◆ **REQUIRED ACTION**
The records are to be copied from the line that contains "Close-up of a" through their last line, word for word, with every picture left out.

(EXERCISE MATERIAL Opens)

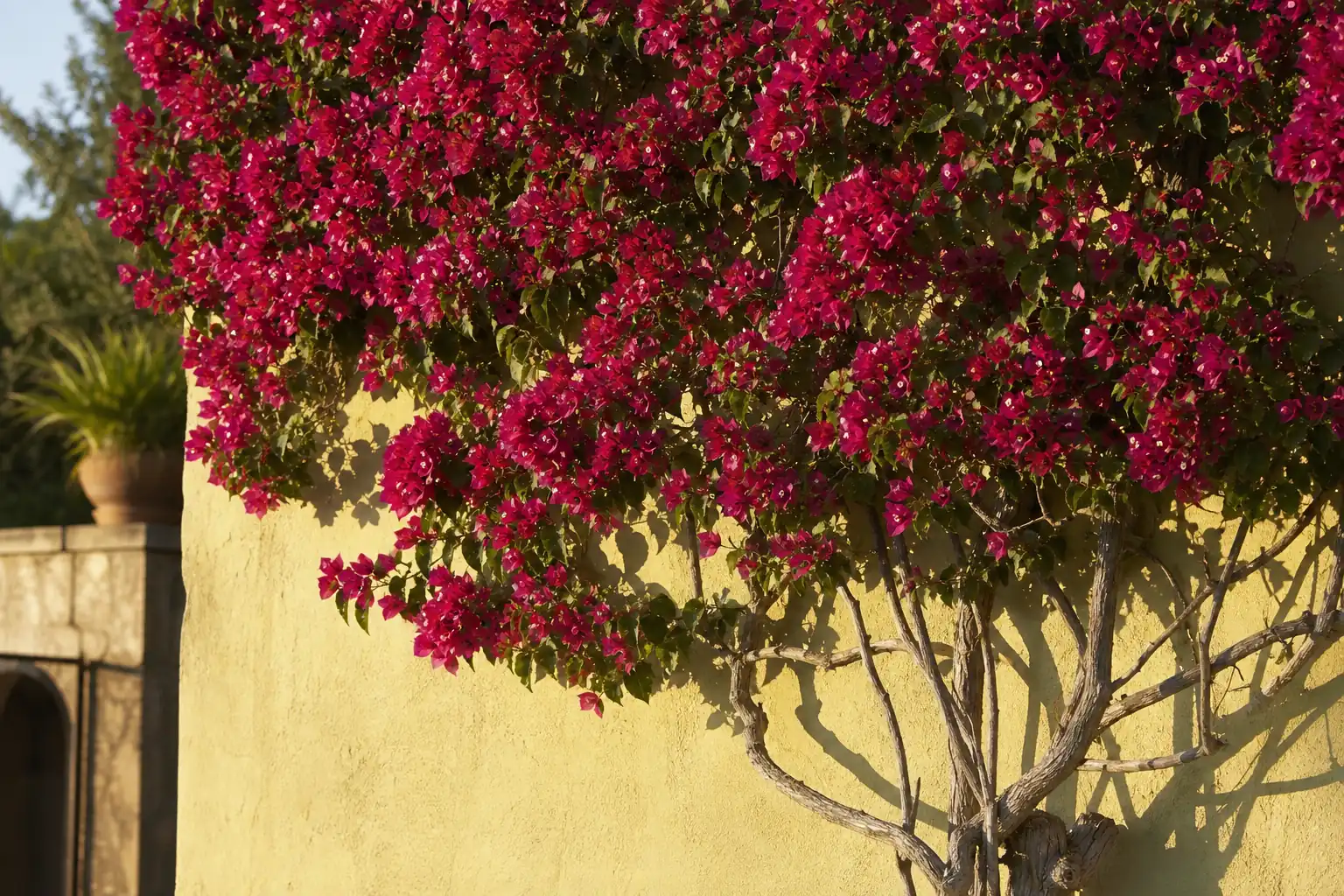 Bougainvillier violet palissé contre un mur clair en pleine floraison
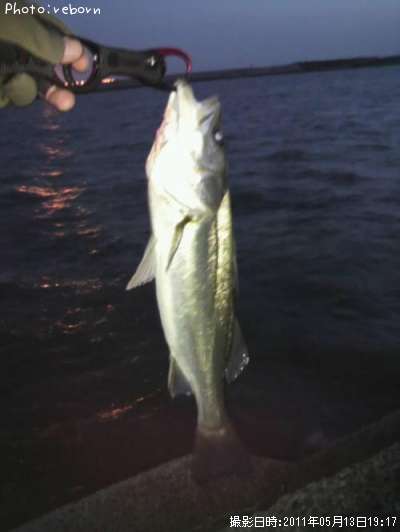 �����Х�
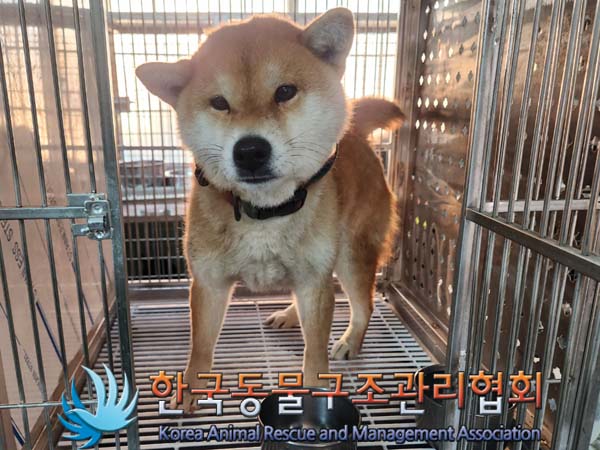 한국동물구조관리협회_441560202400049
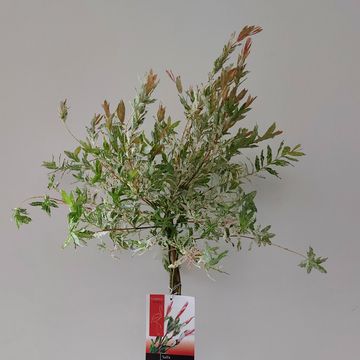 Salix integra 'Flamingo'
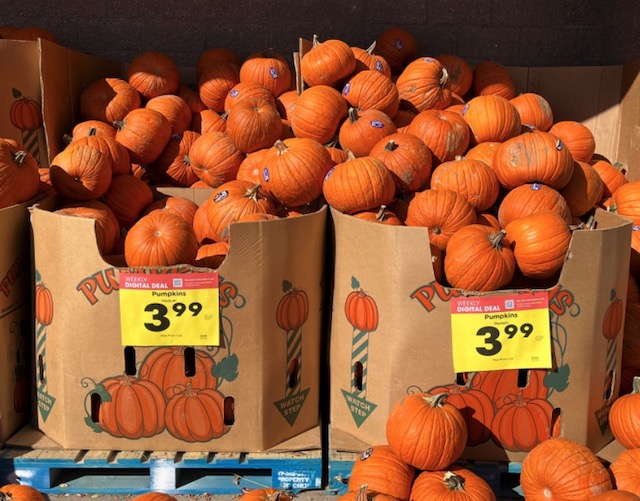 ハロウィン用のかぼちゃの販売　アメリカのスーパー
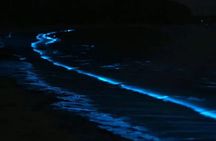 Sunset- Magical bioluminescent plankton Kayaking trip from Catba 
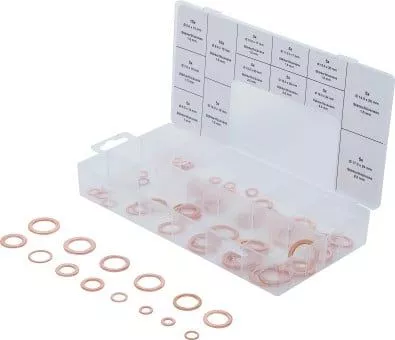Seal Ring Set BGS 8132)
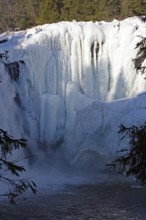 Close-up of a partly frozen waterfall surrounded by trees, winter, Sweden's highest waterfall,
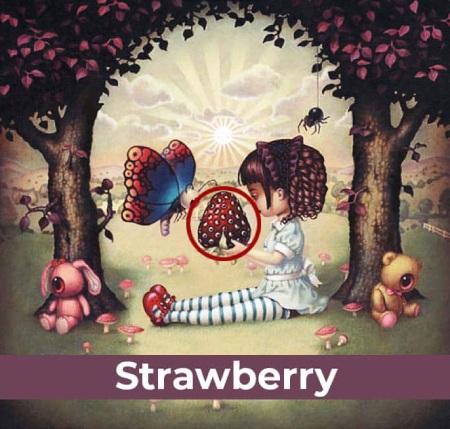 شخصیت شناسی با انتخاب تصاویر آشنایی با آزمون شخصیت شناسی بصری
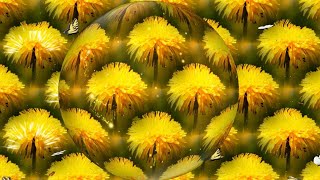 Футаж - фон Одуванчики. Background Dandelions amazing flowers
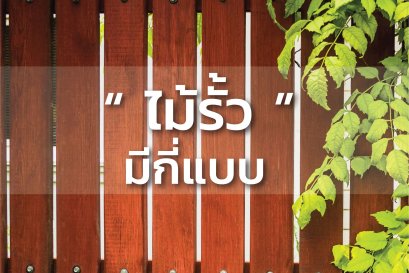 ไม้รั้วมีกี่แบบ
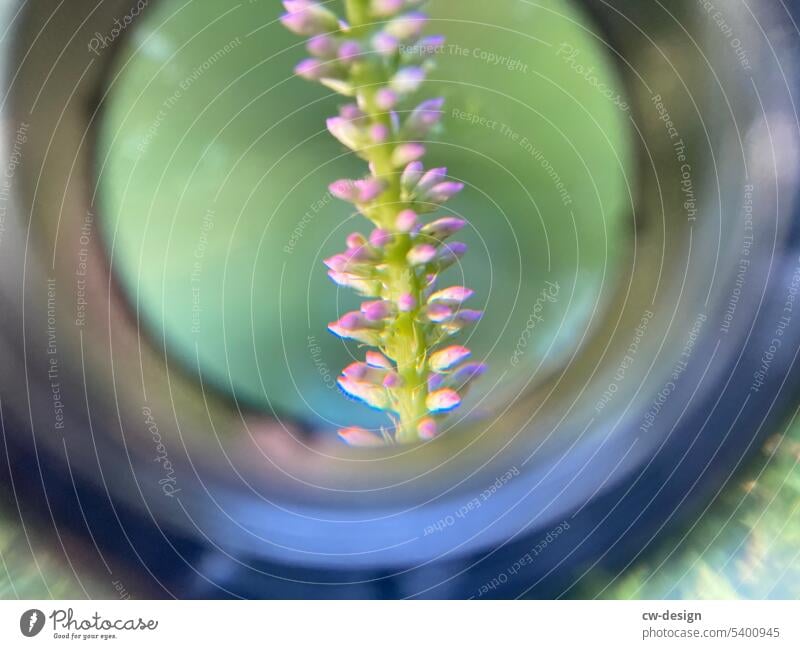 Plant viewed through a magnifying glass Green Magnifying glass Cup magnifier green stuff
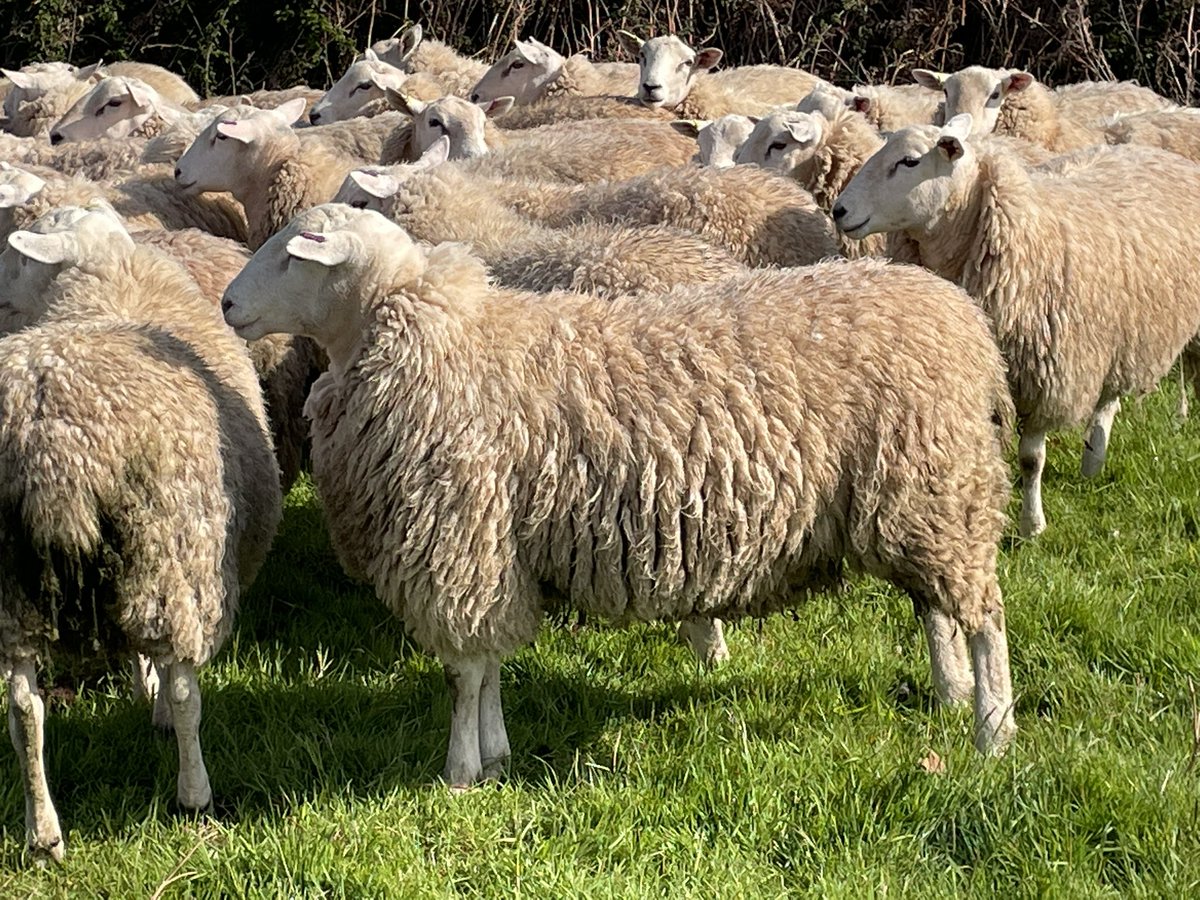 ExeValleyLamb's tweet photo. Looking forward to seeing what these look like once sheared. Last years ram lambs to be sold for breeding over the summer. Some nice sorts in there. #lleyn #lleynsheep #sheep #farming #devon #exeter #exminster #rams #tupping https://t.co/vWI3wC9IzS
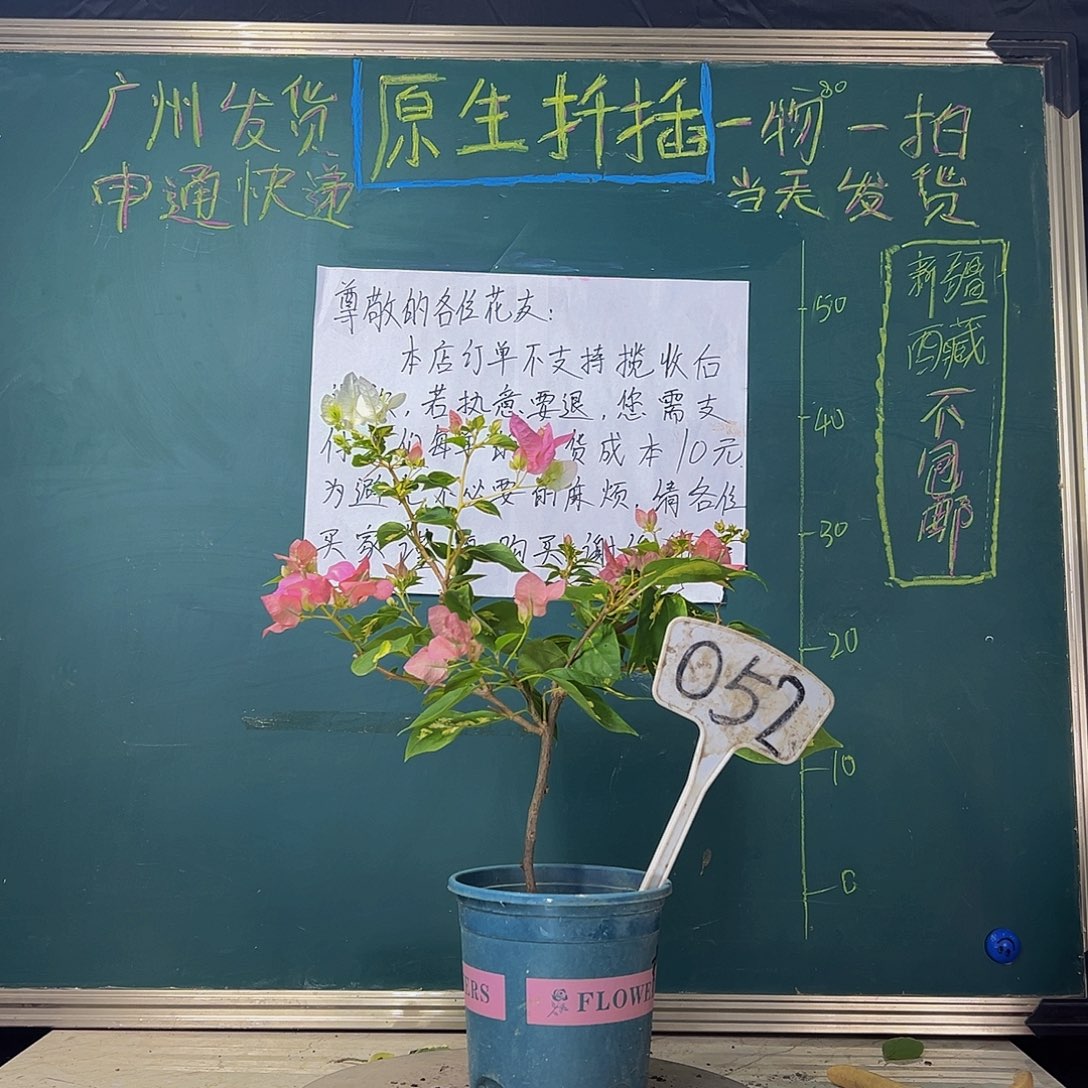 当前无花栽培后可以开花 金心橙白  052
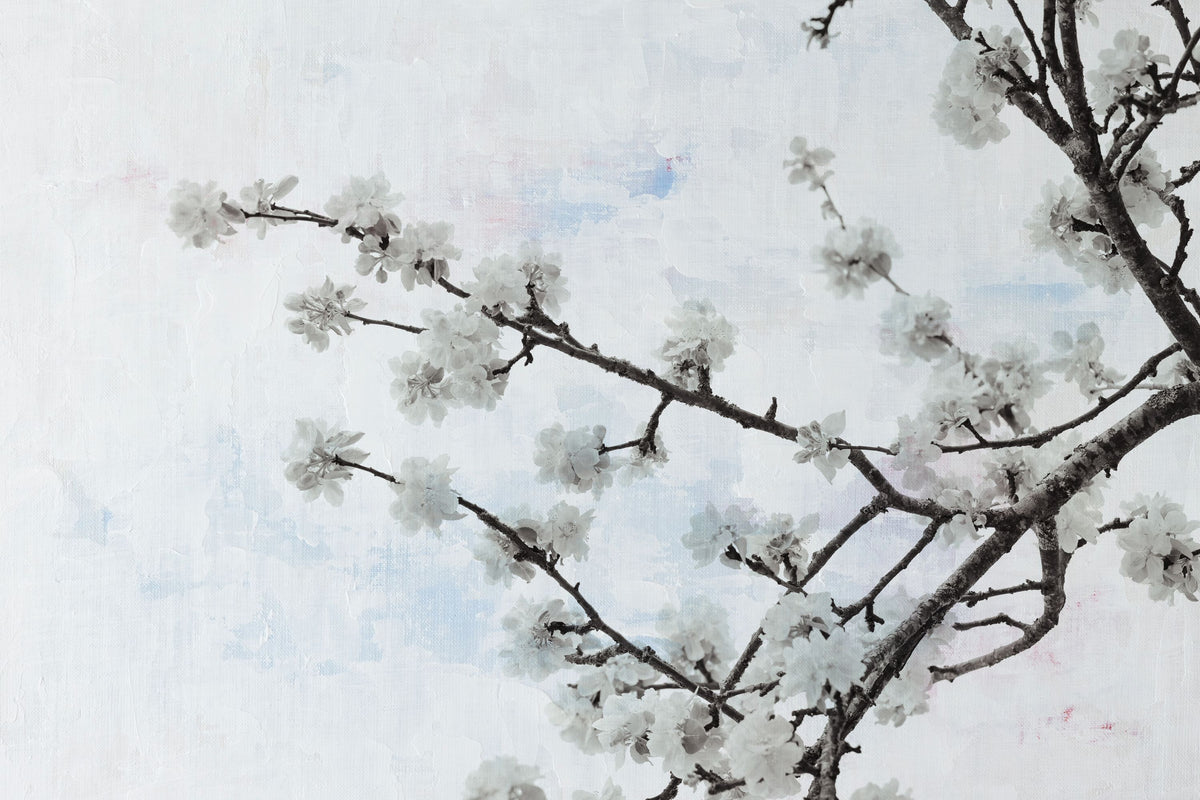 Swiss Blossom Mural Wallpaper - pure wallpaper artwork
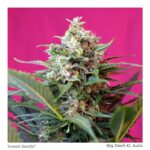 Sweet seeds Big devil xl Auto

(EXERCISE MATERIAL Closes)

◆ **EXERCISE OUTPUT**
 Close-up of a partly frozen waterfall surrounded by trees, winter, Sweden's highest waterfall,
 شخصیت شناسی با انتخاب تصاویر آشنایی با آزمون شخصیت شناسی بصری
 Футаж - фон Одуванчики. Background Dandelions amazing flowers
 ไม้รั้วมีกี่แบบ
 Plant viewed through a magnifying glass Green Magnifying glass Cup magnifier green stuff
 ExeValleyLamb's tweet photo. Looking forward to seeing what these look like once sheared. Last years ram lambs to be sold for breeding over the summer. Some nice sorts in there. #lleyn #lleynsheep #sheep #farming #devon #exeter #exminster #rams #tupping https://t.co/vWI3wC9IzS
 当前无花栽培后可以开花 金心橙白  052
 Swiss Blossom Mural Wallpaper - pure wallpaper artwork
 Sweet seeds Big devil xl Auto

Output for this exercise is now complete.